Foram os homens com garrafões de vinho pagos e merenda melhorada. Foram mal sabendo ao que iam. A maior parte não sabia sequer onde era Lisboa, quanto mais Nambuangongo, ou Cabinda, ou Maiombe, ou mesmo Angola. Disseram-lhes que iam salvar a pátria dos terroristas que esventraram à catanada mulheres e crianças no Norte de Angola. Os pretos de Angola eram portugueses de gema e tinham de voltar à portugalidade à base da metralha e do terror, mesmo que o não quisessem ser e à distância de sete mil quilómetros.
Alguns dos que regressaram traziam os seus troféus de guerra. Sim, em todas as guerras, os homens tornam-se selvagens. A guerra é a maior das selvajarias porque cada um se treina para matar o outro e aterrorizá-lo, impedindo-o de reagir. O napalm não civilizava nenhum angolano e as G3 também não. Já antes a escravatura fora para civilizar os pretos.
Os que regressaram vinham nos barcos carregados de heróis do Ultramar. Vinham carregados de ódio aos pretos que eram traiçoeiros e combatiam escondidos no capim e não de homem a homem. Era a lei da sobrevivência. Ou matavam ou eram mortos. Os pretos não tinham aviões, nem barcos de guerra, só a traição – o capim.
Os soldados lusos perseguiam-nos e matavam-nos e se preciso fosse cercavam as aldeias e queimavam-nas para que eles aprendessem a distinguir o bem do mal.
Alguns traziam condecorações de tanta morte, outros não sabiam o que mataram, pois os traiçoeiros pretos levavam os mortos, como se os portugueses deixassem os seus.

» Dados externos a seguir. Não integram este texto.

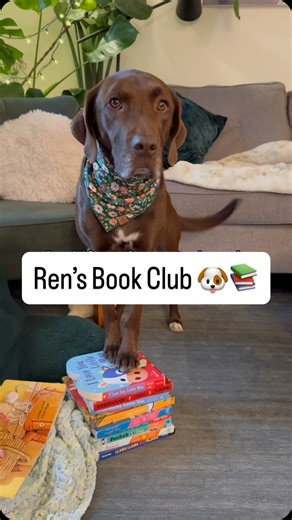 Renegade & Delaine 🐾 Good Dog, Mediocre Mom on Instagram: "More tail-wagging tales to come 🐾📚 Ren & baby Sissy’s Christmas book haul is setting us up for many new storytimes in 2026. Our library is always growing — what should we add next? 😍 #dog #dogsofinstagram #feelgood #storytime #bookclub"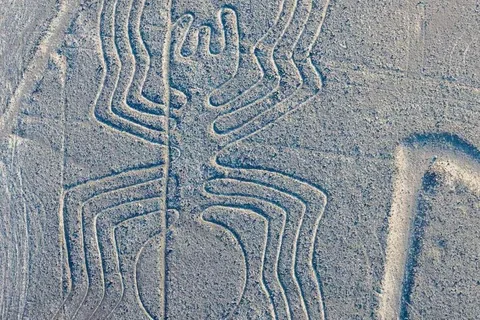Excursion terrestre sur les lignes de Nazca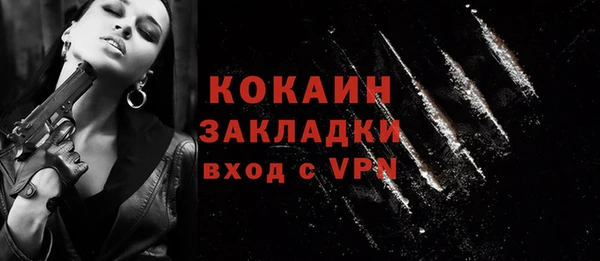 хмурый Абаза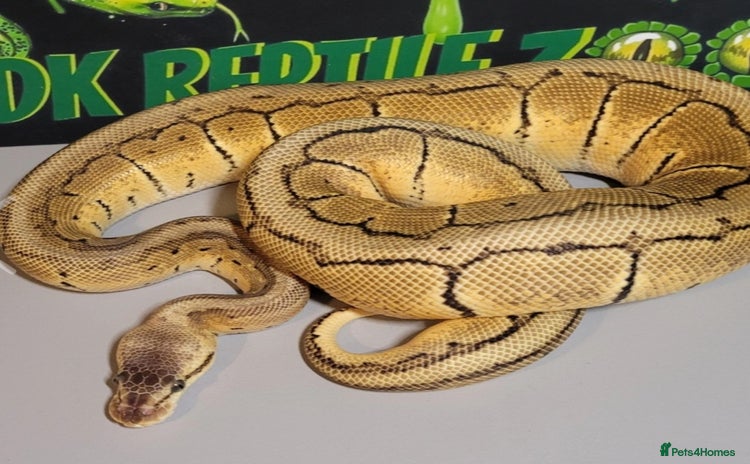 Python Snake reptiles - Advert 4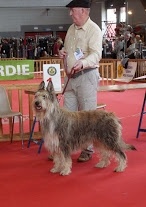 CH. Fritton De stephieci - 1er excellent CACIB meilleur champion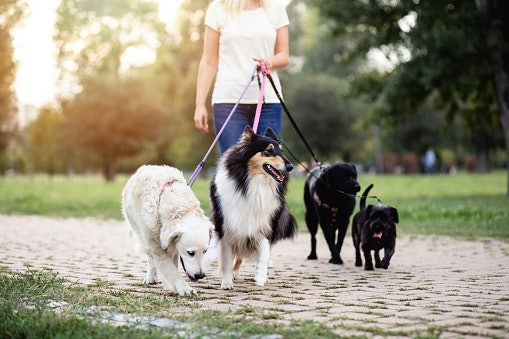 Consider Your Dog's Age and Dietary Restrictions
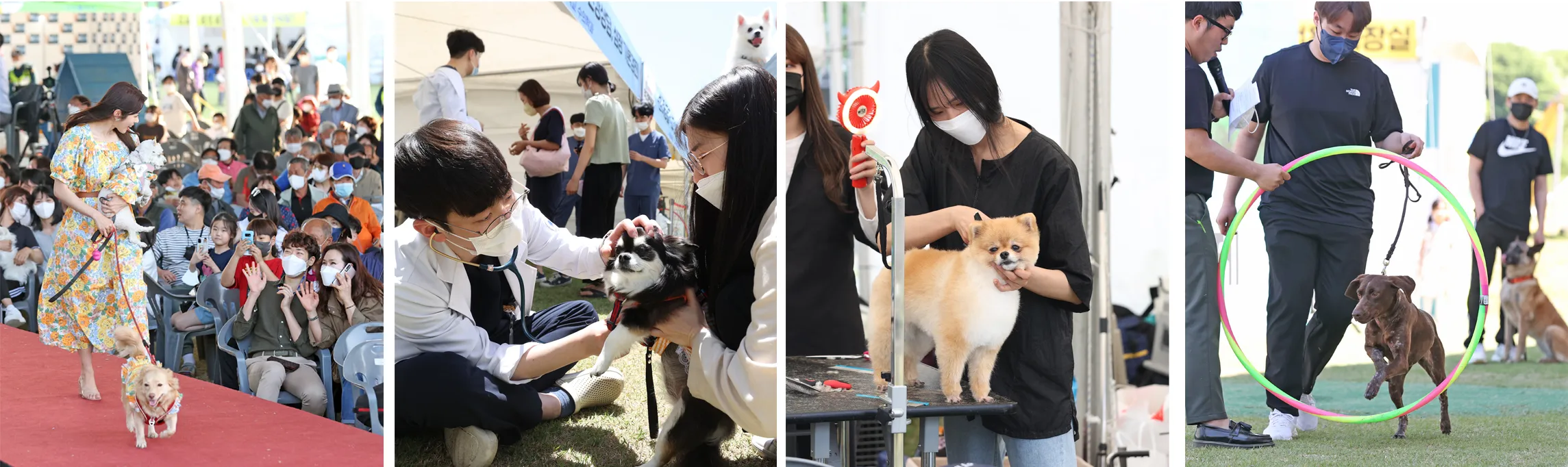 오수의견제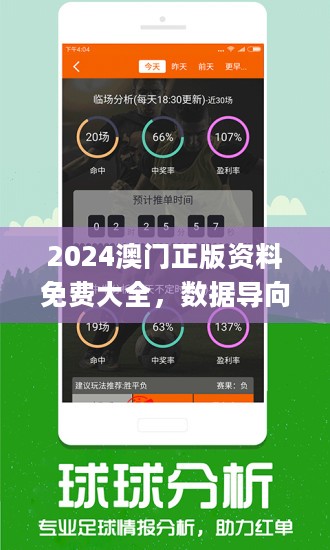 2024新澳開獎記錄,效率資料解釋落實_FT45.866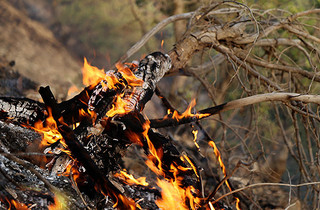 آتش بر منبع نشاط  چرداول! / خطای انسانی عامل اصلی آتش سوزی در جنگل های ایلام است
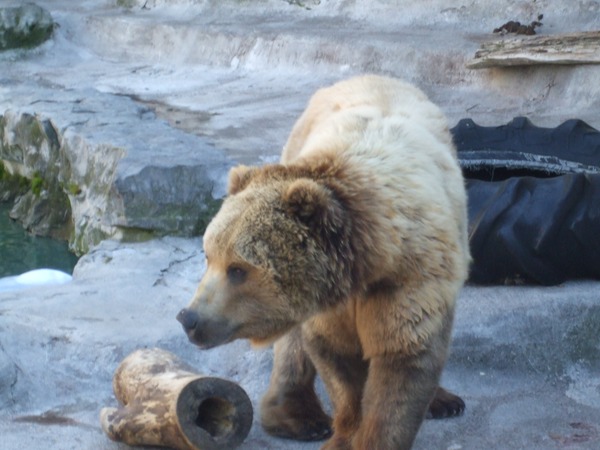 Brown Bear Grizzly Buffalo Zoo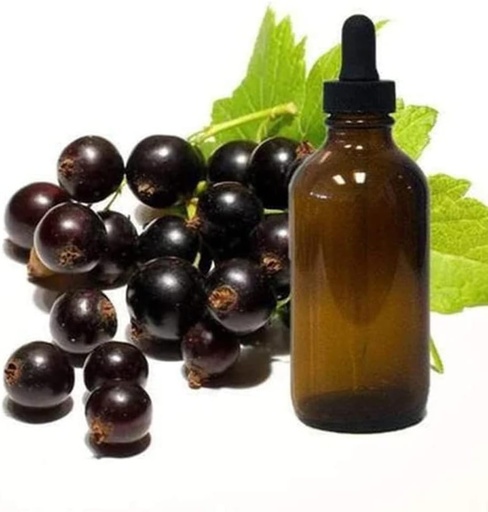 [BRSROYAFDMNBGETF] Black Currant Seed Oil 1/4oz Sample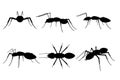 Set with silhouettes of ant in different positions isolated on white background. Vector illustration Royalty Free Stock Photo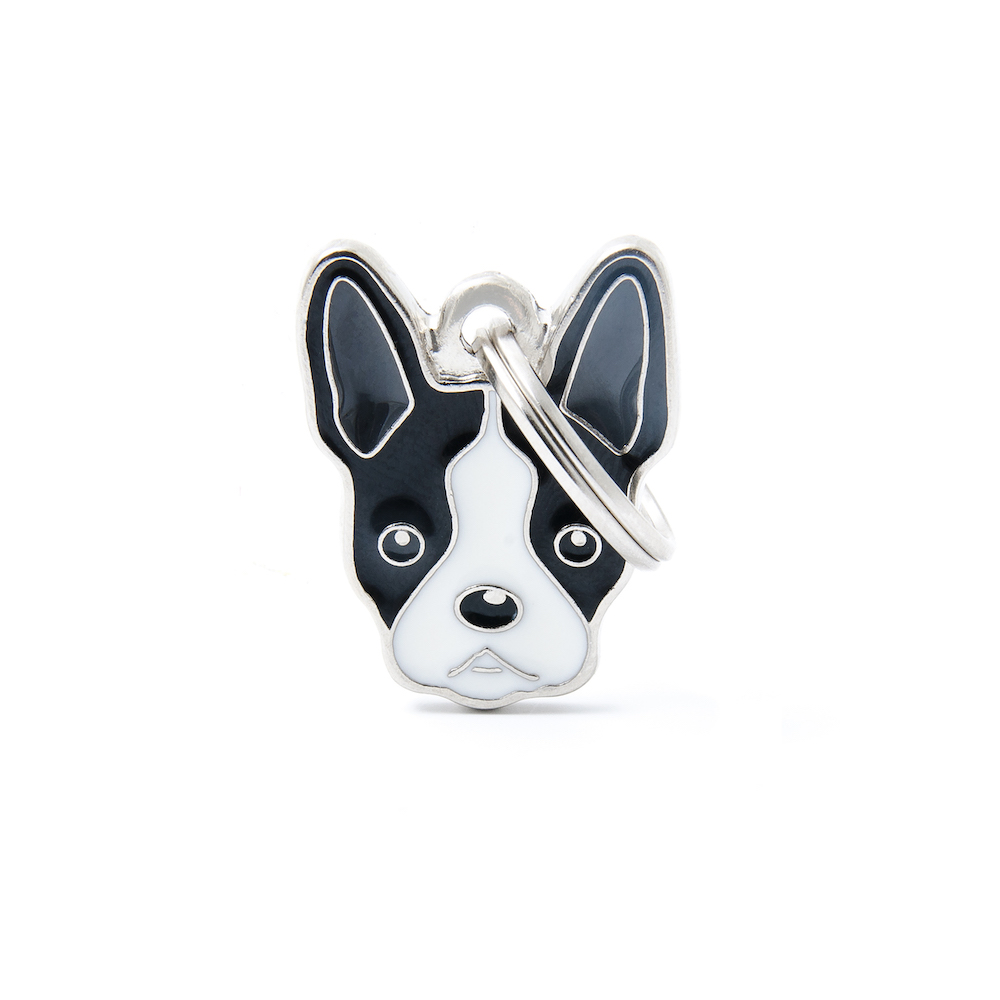 BOSTON TERRIER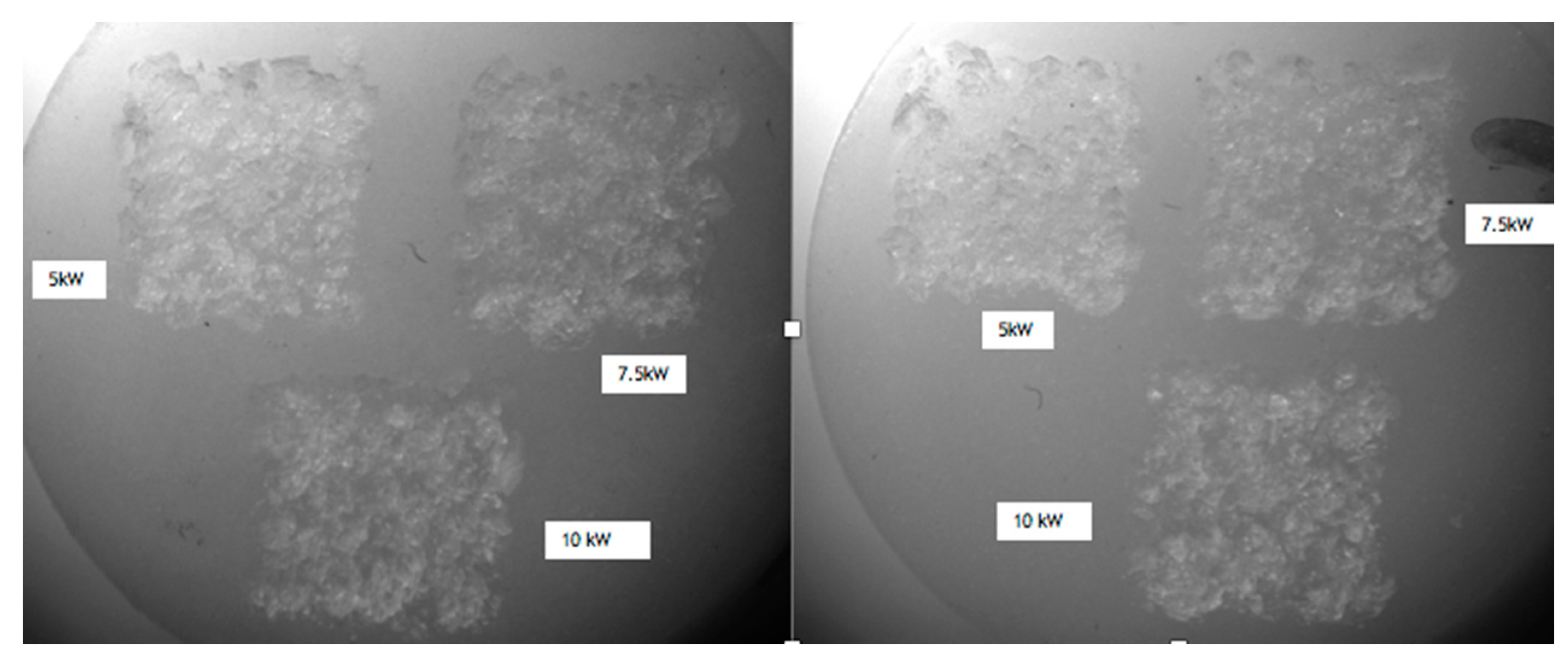 Bioengineering 05 00010 g001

A verdade é que há muitos heróis desse tempo de metralhadoras que não dormem de janela fechada, nem são capazes de fazer uma ressonância magnética.
Alguns dos que regressavam tinham escondidos uns frascos e dentro dos frascos orelhas, narizes e até órgãos genitais masculinos. Era a prova da sua valentia.
Às vezes mostravam-nos. Só às vezes. Tinham-nos escondidos. E quando mostravam contavam a história dos donos daqueles pertences. Eram dos terroristas que não queriam ser portugueses, pretos malditos. E mostravam o que cortaram ou alguém por eles.
Foram anos de guerra na Guiné-Bissau, em Angola e em Moçambique. Anos a matar para não ser morto. Tão brutal e cruel que ela própria gerou a revolta e acelerou o 25 de Abril pela mão dos capitães que já não queriam pactuar com tanta desgraça.
Este é o nosso Portugal que há quarenta e seis anos metralhava os pretos dos restos do nosso Império.
Quem pode atrever-se a dizer que neste país há racismo? Quantas armas desse tempo estão prontas para matar pretos que eram os seus destinatários, mesmo que enviesadas matem brancos?
É tudo mentira, Portugal não esteve em guerra, nem nunca por nunca mandou matar pretos... Ai Portugal, Portugal.